Could it end this season?
Nope.
The last trophy: 1973 FA Cup
One of the all-time great FA Cup shocks saw second-division Sunderland pull down the pants of Don Revie’s star-studded Leeds side, Ian Porterfield scoring the only goal of the game 13 minutes before half-time.
Sunderland became the first team from outside the top flight to win the FA Cup since West Brom over 40 years earlier, but kickstarted a brief revival of the concept. Southampton (1976) and West Ham (1980) would repeat the trick within the next seven years, but nobody has managed it since.
The near misses:
A few, to be fair. Lost out to Norwich in the final of the 1985 League Cup, and had a chance at winning another FA Cup as a second-tier side in 1992, reaching the final only to lose 2-0 to Liverpool, and narrowly missed out on another crack at it in 2004 when losing to fellow Division One side Millwall in one semi-final while Manchester United and Arsenal slugged it out in the other.

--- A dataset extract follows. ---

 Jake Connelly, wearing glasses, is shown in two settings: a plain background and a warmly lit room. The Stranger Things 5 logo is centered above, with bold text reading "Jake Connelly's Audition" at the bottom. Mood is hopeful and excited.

Closest of all was in 2014, when they lost the League Cup final to Manchester City despite threatening another Leeds-esque shock when leading 1-0 at half-time before going down 3-1.
Could it end this season?
Nope. Port bloody Vale of all teams.
The last trophy: 1960 First Division champions
Emerged top of the pile only on the very final day after a season-long three-way title fight with Wolves and Spurs. Wolves were the defending champions and Spurs would go on to win the Double the following season. None of them has won a league title since.
The near misses:
A 65-year-plus wait for a trophy seemed such an implausible concern for early 60s Burnley that after reaching the semi-finals of the first League Cup in 1961 they didn’t even bother entering it for the next four seasons, and that earns them several points in our very real and very complicated calculations.
The year after Spurs did the Double, Burnley pulled off the Near Miss Double, finishing second to Ipswich in the league and losing to Tottenham in the FA Cup final.

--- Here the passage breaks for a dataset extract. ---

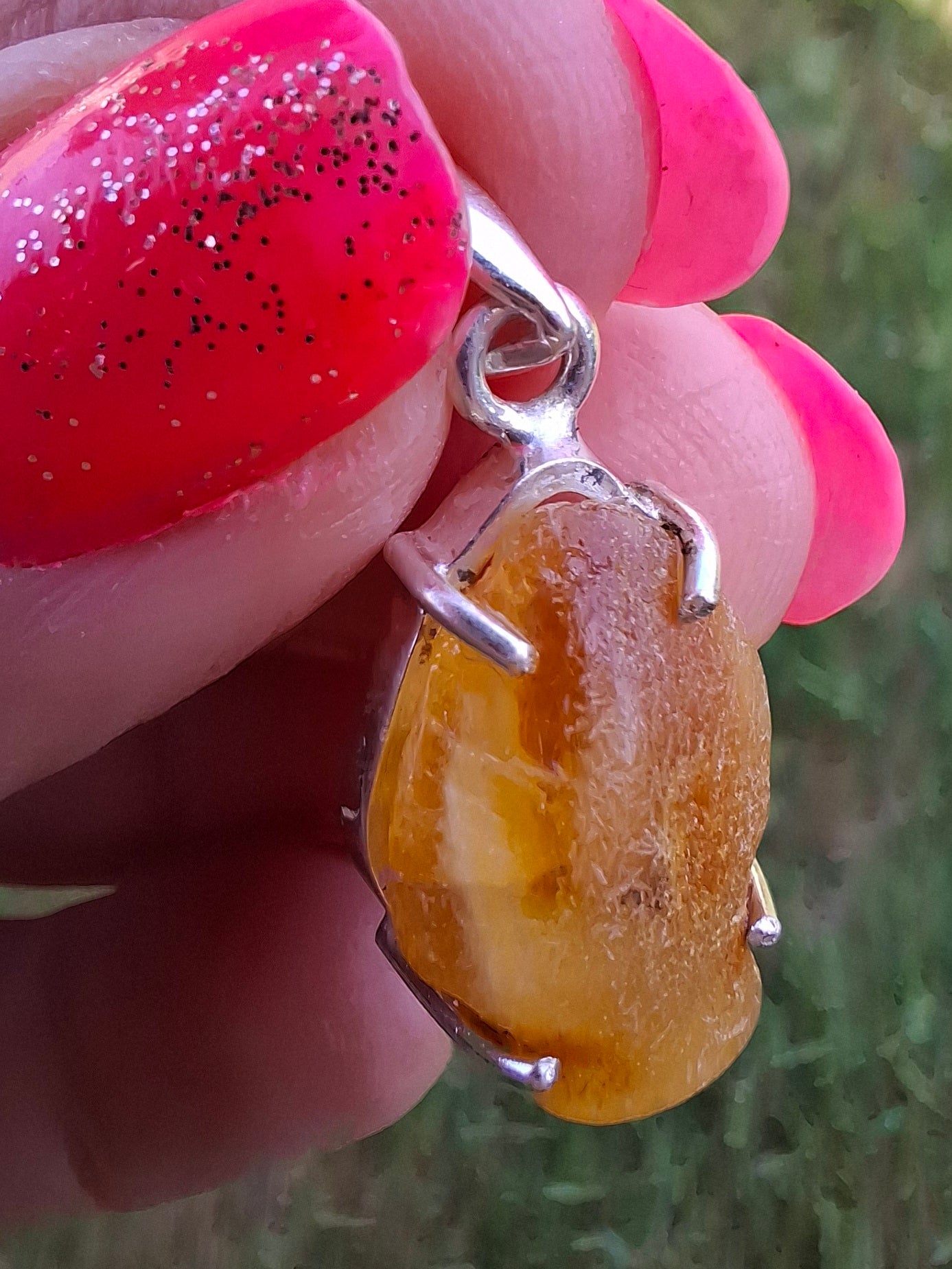 Baltic Amber Pendant, 925 Silver, Fossil (Ref: AP5)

There were two third-place finishes and a League Cup semi-final after they deigned to compete again before the 60s were out, but by the end of the decade their time as a dominant force in English football was over.
There was an FA Cup semi-final in 1974 – and that was in the brief period where a third-place play-off existed for absolutely no good reason at all, which they duly won.

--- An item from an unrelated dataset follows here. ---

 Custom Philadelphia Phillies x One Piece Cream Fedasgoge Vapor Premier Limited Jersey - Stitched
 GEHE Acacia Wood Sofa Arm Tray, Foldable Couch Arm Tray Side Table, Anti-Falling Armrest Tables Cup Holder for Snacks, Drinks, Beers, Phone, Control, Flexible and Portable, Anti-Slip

The 1982/83 season was an odd one, featuring an FA Cup quarter-final and League Cup semi-final as well as relegation to the third tier.
The closest they’ve come to anything since was the 2008/09 League Cup, where Burnley fell victim to the tournament’s esoteric away goals rule after a stirring semi-final comeback against Spurs. A 4-1 defeat in the first leg at White Hart Lane appeared to have settled the tie, only for Burnley to roar to a 3-0 ‘win’ after 90 minutes of the second leg at Turf Moor.
Under the normal away goals rule used by literally everyone else at the time, they’d have been through. But in the League Cup away goals only counted after extra-time, by which point Spurs had regained the run of themselves and scored twice to dump Burnley out.
Could it end this season?
Nope.
The last trophy: 1992 First Division champions
As with Burnley, a good effort for anyone’s last trophy to be the actual league title rather than something slightly more tinpot. Can’t quite decide whether doing it in the last year before football was invented makes it better or worse. It is funny that it simply doesn’t count when people talk about how few teams have won the league in relatively recent history.
Have had some good years, some middling years and some truly sh*tbone awful ones in the subsequent 35. But when you consider just how good their very best sides were across that period, it’s a mad old amount of time for such a big club to have won nothing halfway proper.
The near misses:
Even at their pre-crash high point around the millennium Leeds never really sustained a proper season-long challenge for the actual title. Their highest finish over those giddy years was third in 1999/2000, but they were over 20 points behind Man United there.
They also have a curiously wretched record in both domestic cups over our time period. They lost to Villa in the 1996 Coca-Cola Cup final but haven’t reached so much as a semi-final in either League Cup or FA Cup since.
Did famously get to the last four in Europe two seasons running around their 2000 streets-won’t-forget peak, in the 99/00 UEFA Cup and the following season’s weird two-group-stage Champions League.
Could it end this season?
They are still in the FA Cup, but most fans would accept defeat to West Ham in that competition if they finished above them in the Premier League table.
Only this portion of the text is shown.